Porcupine Quilling

Porcupine quilling was the art used before glass beads came along. It is one of the lost art but being revived by many first nations.

Quills collected from the porcupine can be used for decorative work on skin, birch, or paper. A healthy porcupine can give up to three thousand quills. Roadkill quills are little less due to damage. The quills can be pulled by using blanket and pushing it to collect quills, make sure  gloves are used. Pliers can be used on roadkill as there would be less to pull out due to damage. The quills from the back and underside, plus the tail have  the long quills.

The quills cannot dye easily if it is punctured.  The quills should be washed in soapy water, takes about five hot washes to get the oily film out, then dry the quills on the newspaper. The quills are then sorted.
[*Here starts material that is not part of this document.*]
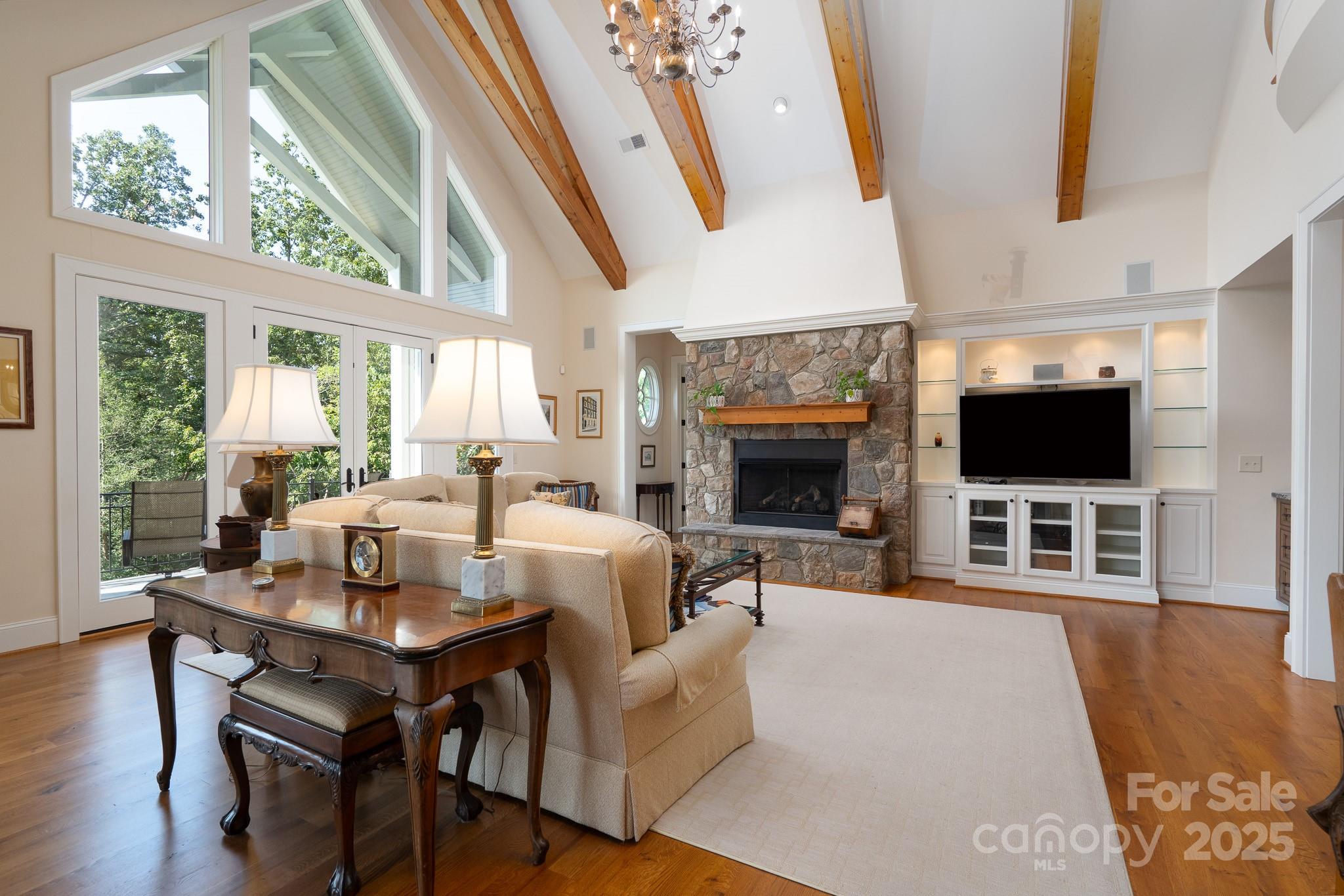 Uwharrie Point - Residential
The Rit clothing dye  is used to dye the quills. Water mixture brought to a boil, add in the quills then put on newspaper after a rinse.  Years ago when water was used the water went acidic from the berries, and this made the color stay in and  stop the fading.

To use Rit dye you mix one package of powder,  Bring this to a boil  and  simmer then take off stove, stir so  quills are coloured evenly. The quills then taken out of water and rinsed in vinegar water to keep colors in. Put on newspaper to dry. Dampen quills before use.

Quills can be folded, wrapped,plaited, and sewn to clothing, bags, knifesheath, baskets, wooden handles, jewellery, birch, and moccasins.